SUPPLIED ENTRIES
--------------------------------------------------
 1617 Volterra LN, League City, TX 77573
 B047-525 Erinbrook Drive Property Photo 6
--------------------------------------------------
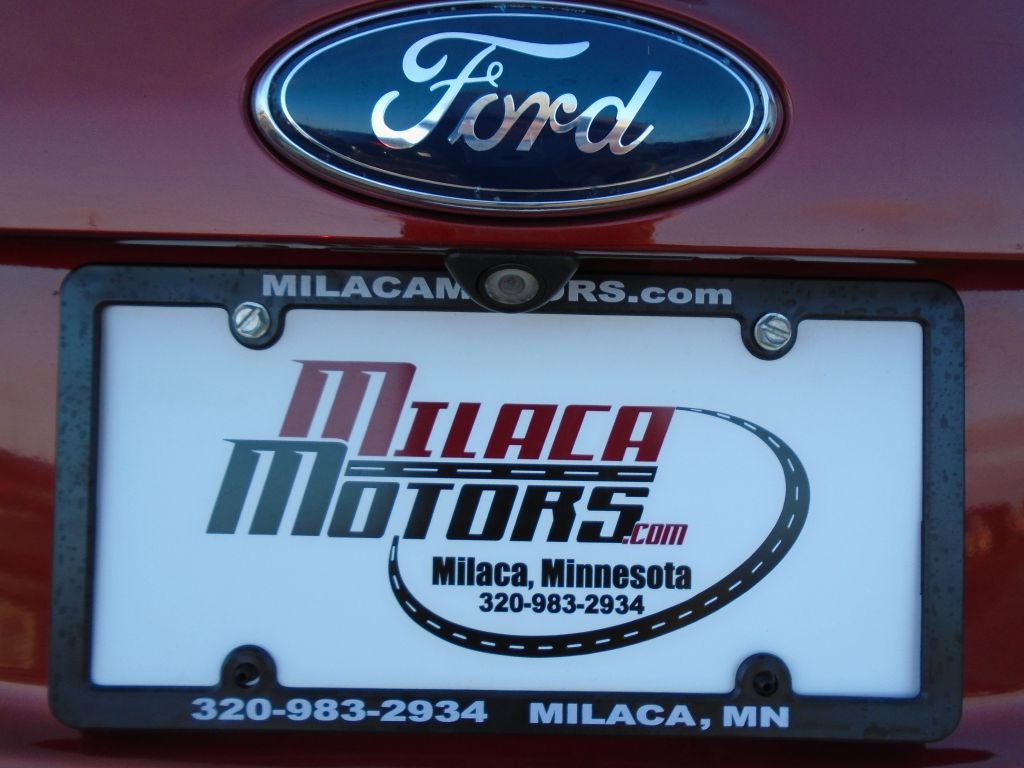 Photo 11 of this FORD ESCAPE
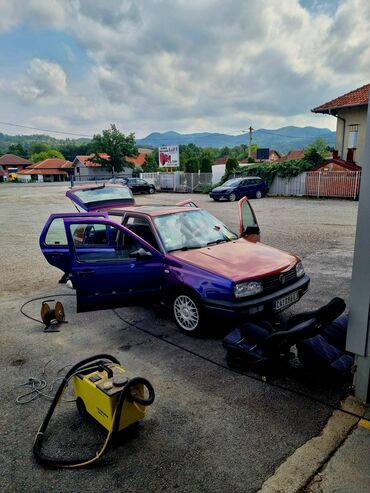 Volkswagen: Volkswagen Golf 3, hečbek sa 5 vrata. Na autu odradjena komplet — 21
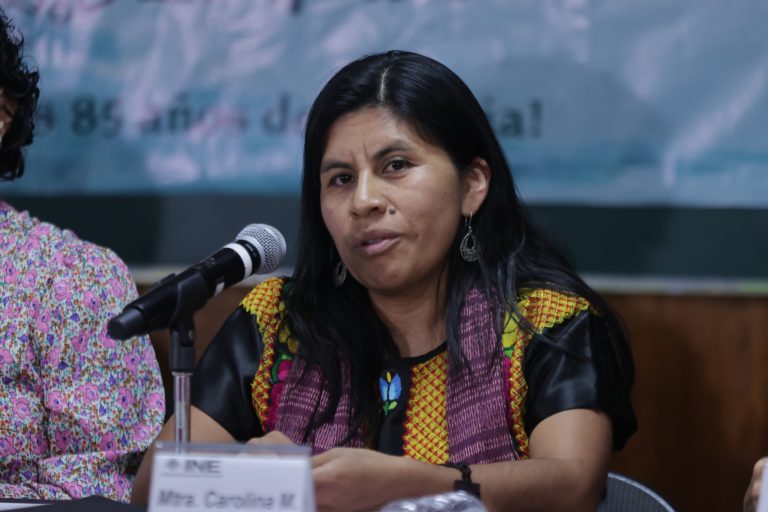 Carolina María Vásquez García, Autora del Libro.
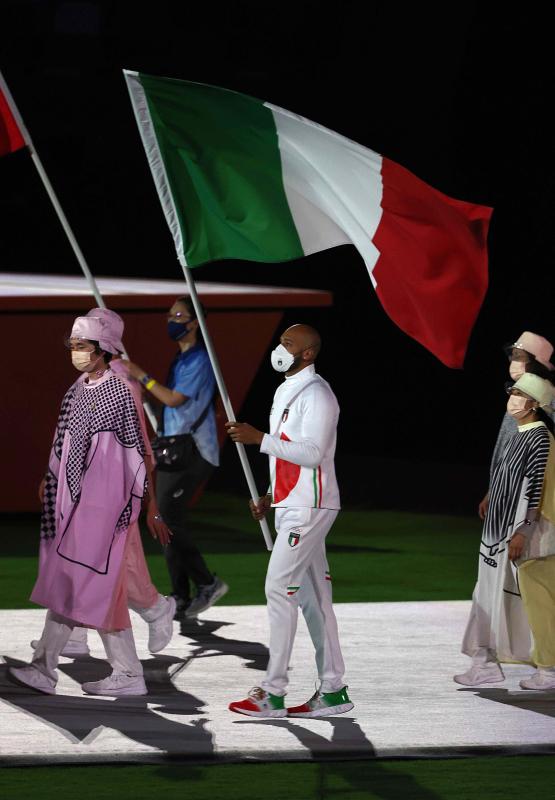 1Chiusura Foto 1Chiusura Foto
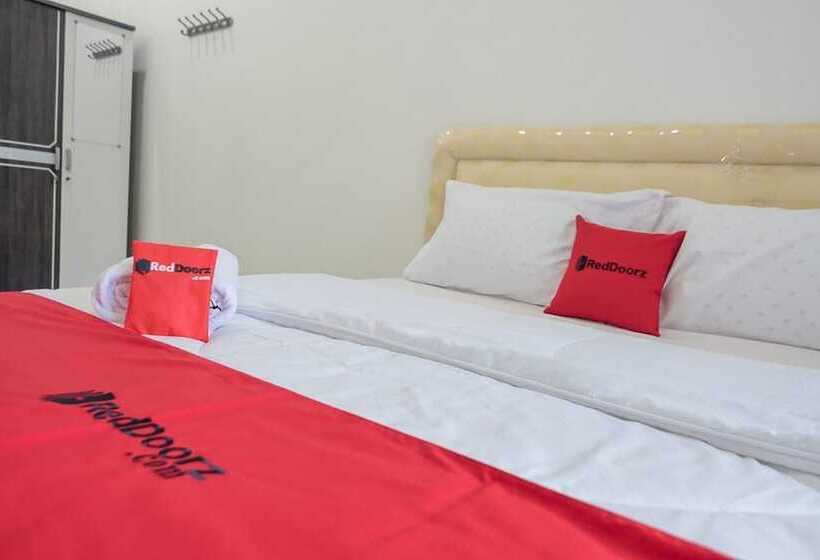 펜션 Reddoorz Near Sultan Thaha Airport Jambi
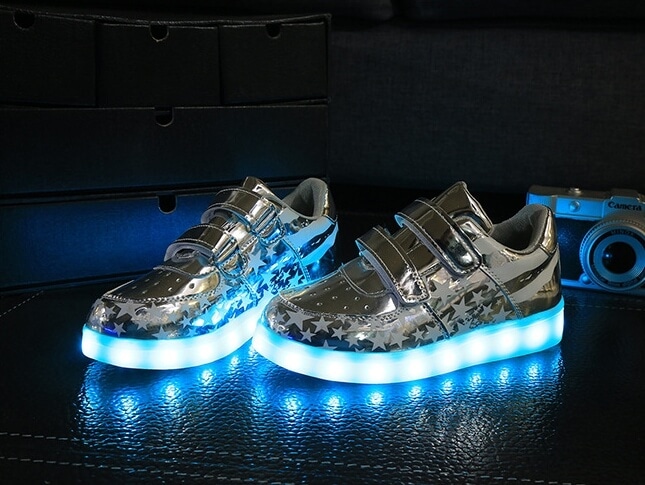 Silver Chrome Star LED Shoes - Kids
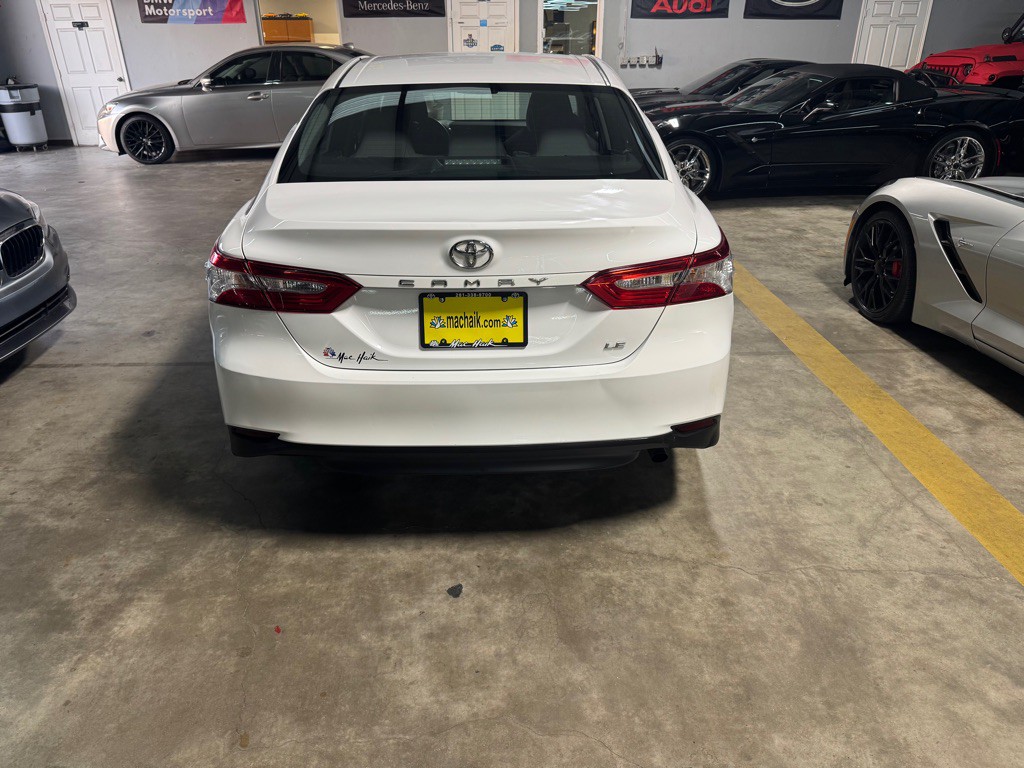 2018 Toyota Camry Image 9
--------------------------------------------------
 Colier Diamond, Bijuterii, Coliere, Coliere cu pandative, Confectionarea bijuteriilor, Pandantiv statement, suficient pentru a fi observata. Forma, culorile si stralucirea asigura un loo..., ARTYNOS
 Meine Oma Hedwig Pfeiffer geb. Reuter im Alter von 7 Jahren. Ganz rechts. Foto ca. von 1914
--------------------------------------------------
WHAT IS REQUIRED
In the listing above, find the line containing "1617 Volterra LN, League City, TX 77573" and the line containing "B047-525 Erinbrook Drive Property Photo 6". Output them and every line between, exactly, and nothing else.

RESPONSE BOX
 1617 Volterra LN, League City, TX 77573
 B047-525 Erinbrook Drive Property Photo 6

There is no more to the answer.